"""

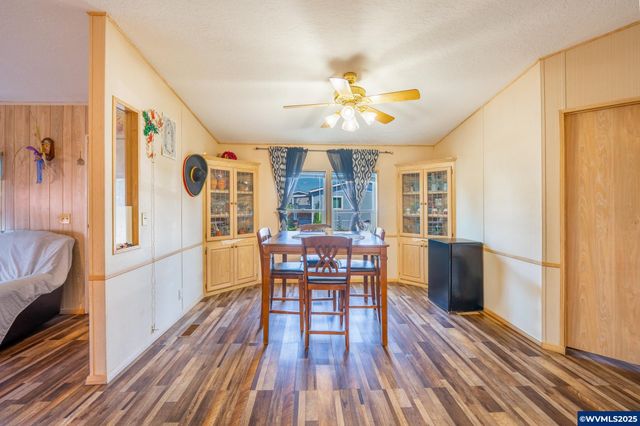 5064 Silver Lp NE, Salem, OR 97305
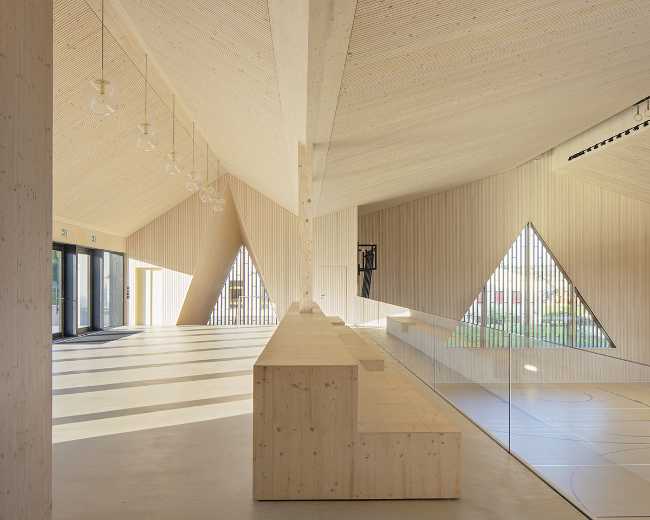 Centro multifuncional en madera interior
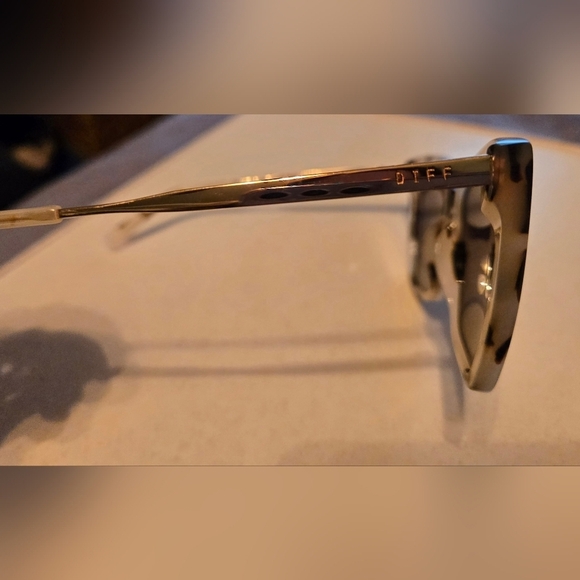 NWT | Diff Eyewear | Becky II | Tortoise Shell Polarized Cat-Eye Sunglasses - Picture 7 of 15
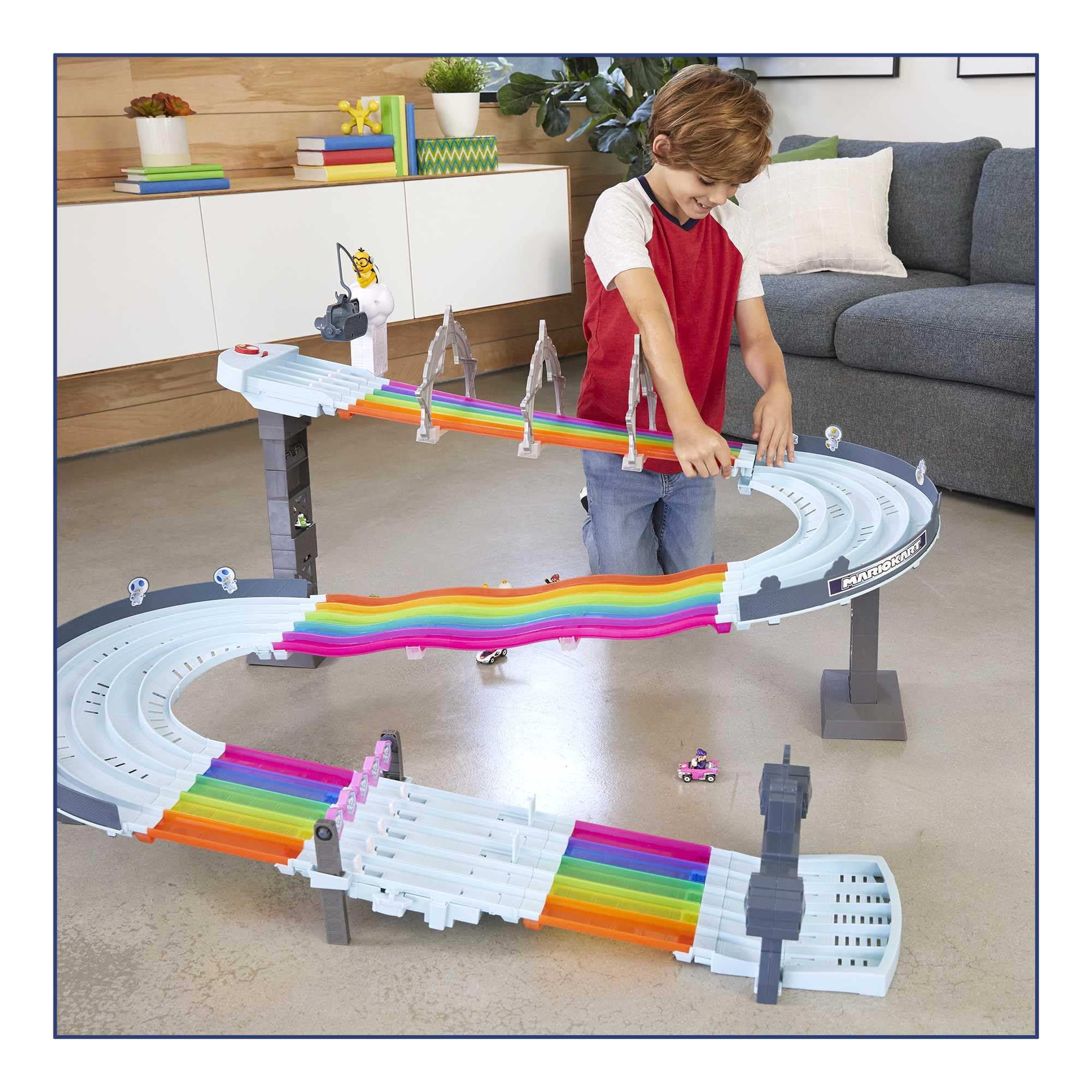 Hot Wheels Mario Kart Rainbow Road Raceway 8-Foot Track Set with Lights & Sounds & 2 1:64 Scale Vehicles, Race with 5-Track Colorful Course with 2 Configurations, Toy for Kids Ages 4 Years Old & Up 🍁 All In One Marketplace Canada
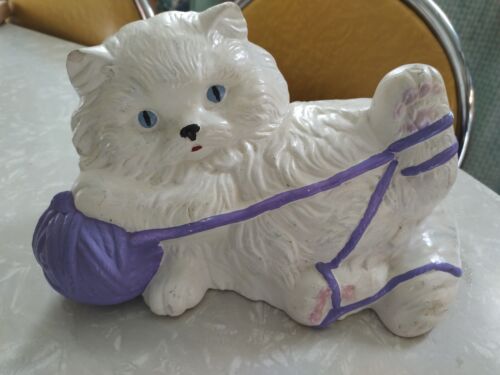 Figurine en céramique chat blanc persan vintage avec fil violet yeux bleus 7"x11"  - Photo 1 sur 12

"""
"""

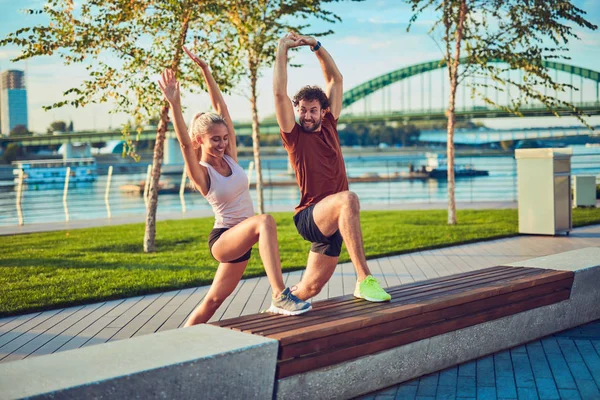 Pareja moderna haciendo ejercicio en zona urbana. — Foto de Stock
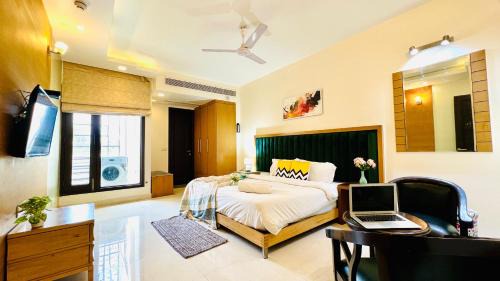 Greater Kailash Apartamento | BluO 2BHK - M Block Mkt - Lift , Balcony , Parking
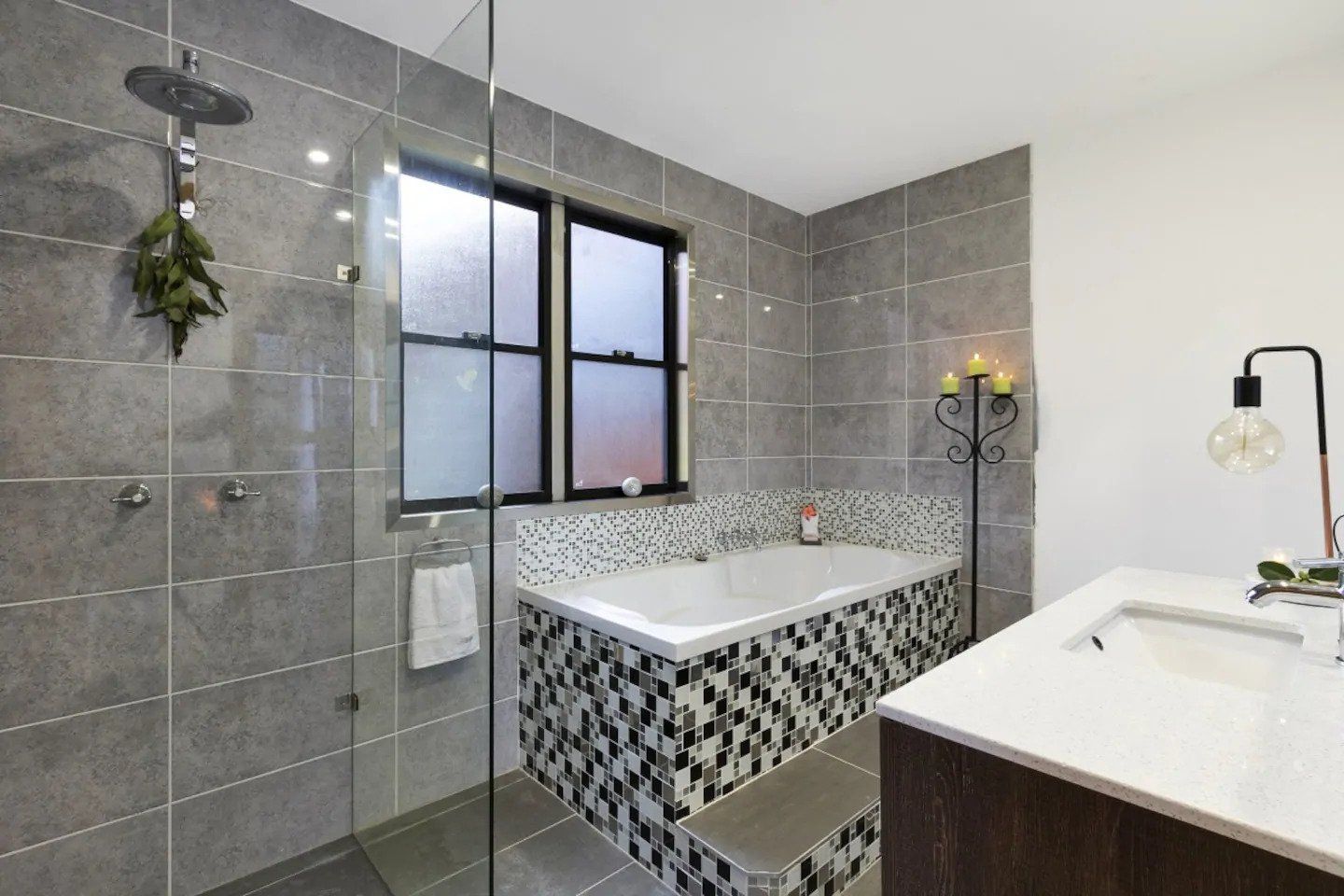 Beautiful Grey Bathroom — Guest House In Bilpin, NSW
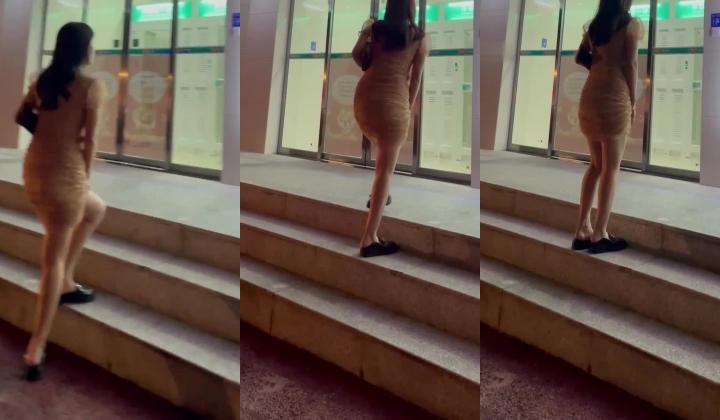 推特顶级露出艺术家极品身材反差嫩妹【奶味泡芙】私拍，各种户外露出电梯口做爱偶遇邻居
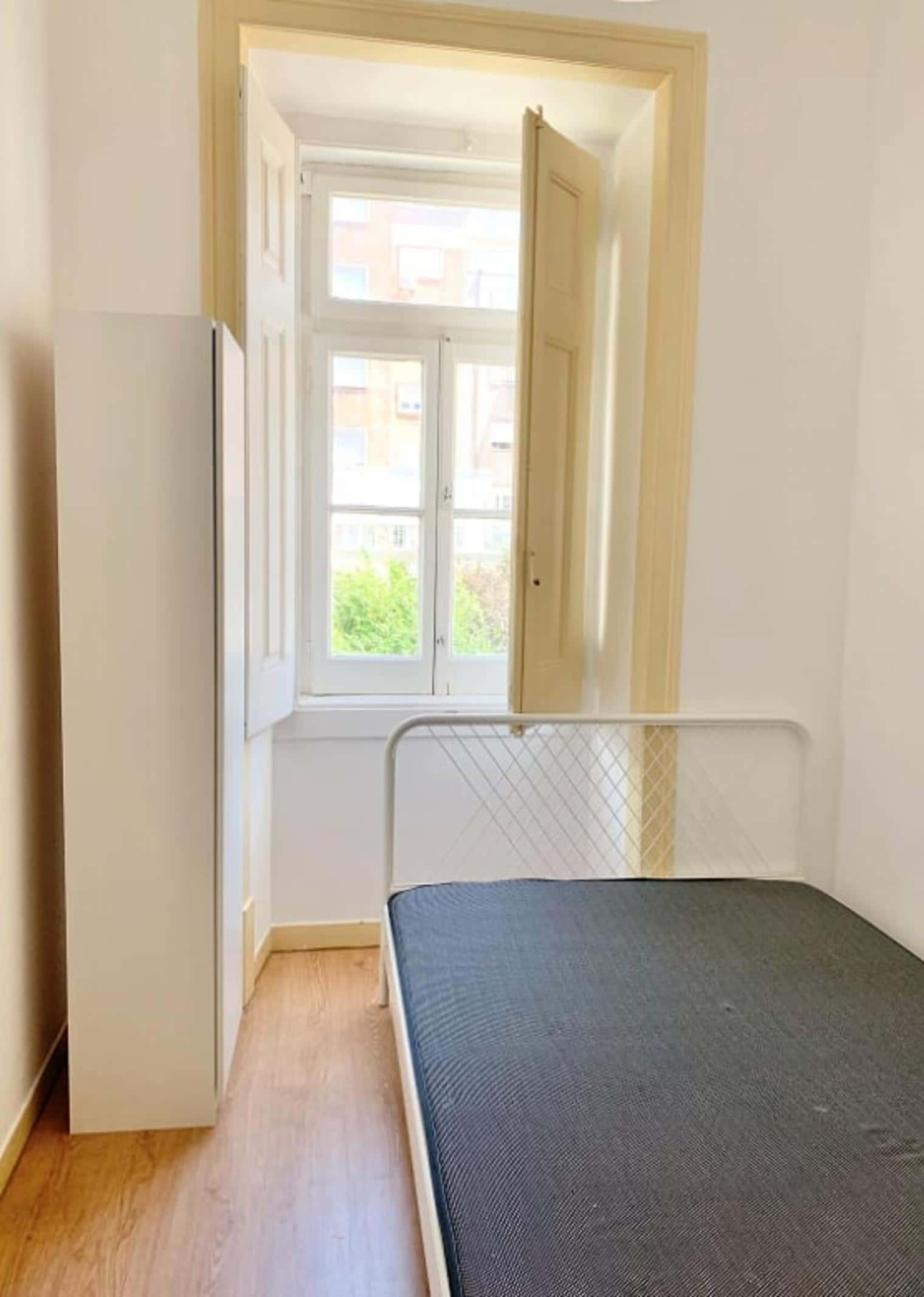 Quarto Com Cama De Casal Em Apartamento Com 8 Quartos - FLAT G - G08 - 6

"""

→ **WORK REQUIRED**:
The copy should hold exactly the lines above from the one with "NWT | Diff Eyewear" through the one with "Figurine en céramique", both ends counted, and no pictures at all.

→ **RESULT OF THIS TASK**:
 NWT | Diff Eyewear | Becky II | Tortoise Shell Polarized Cat-Eye Sunglasses - Picture 7 of 15
 Hot Wheels Mario Kart Rainbow Road Raceway 8-Foot Track Set with Lights & Sounds & 2 1:64 Scale Vehicles, Race with 5-Track Colorful Course with 2 Configurations, Toy for Kids Ages 4 Years Old & Up 🍁 All In One Marketplace Canada
 Figurine en céramique chat blanc persan vintage avec fil violet yeux bleus 7"x11"  - Photo 1 sur 12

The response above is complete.